**Work required:** Every record listed below should be copied exactly.

BEGIN Available records

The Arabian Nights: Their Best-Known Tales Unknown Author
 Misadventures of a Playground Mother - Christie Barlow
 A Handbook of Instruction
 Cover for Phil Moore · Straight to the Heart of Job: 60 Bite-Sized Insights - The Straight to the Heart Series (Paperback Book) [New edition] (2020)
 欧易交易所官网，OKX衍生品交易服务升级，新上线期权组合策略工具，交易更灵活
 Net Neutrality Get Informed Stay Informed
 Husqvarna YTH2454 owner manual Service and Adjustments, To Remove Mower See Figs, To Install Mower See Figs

END Available records

**Finished task:**
The Arabian Nights: Their Best-Known Tales Unknown Author
 Misadventures of a Playground Mother - Christie Barlow
 A Handbook of Instruction
 Cover for Phil Moore · Straight to the Heart of Job: 60 Bite-Sized Insights - The Straight to the Heart Series (Paperback Book) [New edition] (2020)
 欧易交易所官网，OKX衍生品交易服务升级，新上线期权组合策略工具，交易更灵活
 Net Neutrality Get Informed Stay Informed
 Husqvarna YTH2454 owner manual Service and Adjustments, To Remove Mower See Figs, To Install Mower See Figs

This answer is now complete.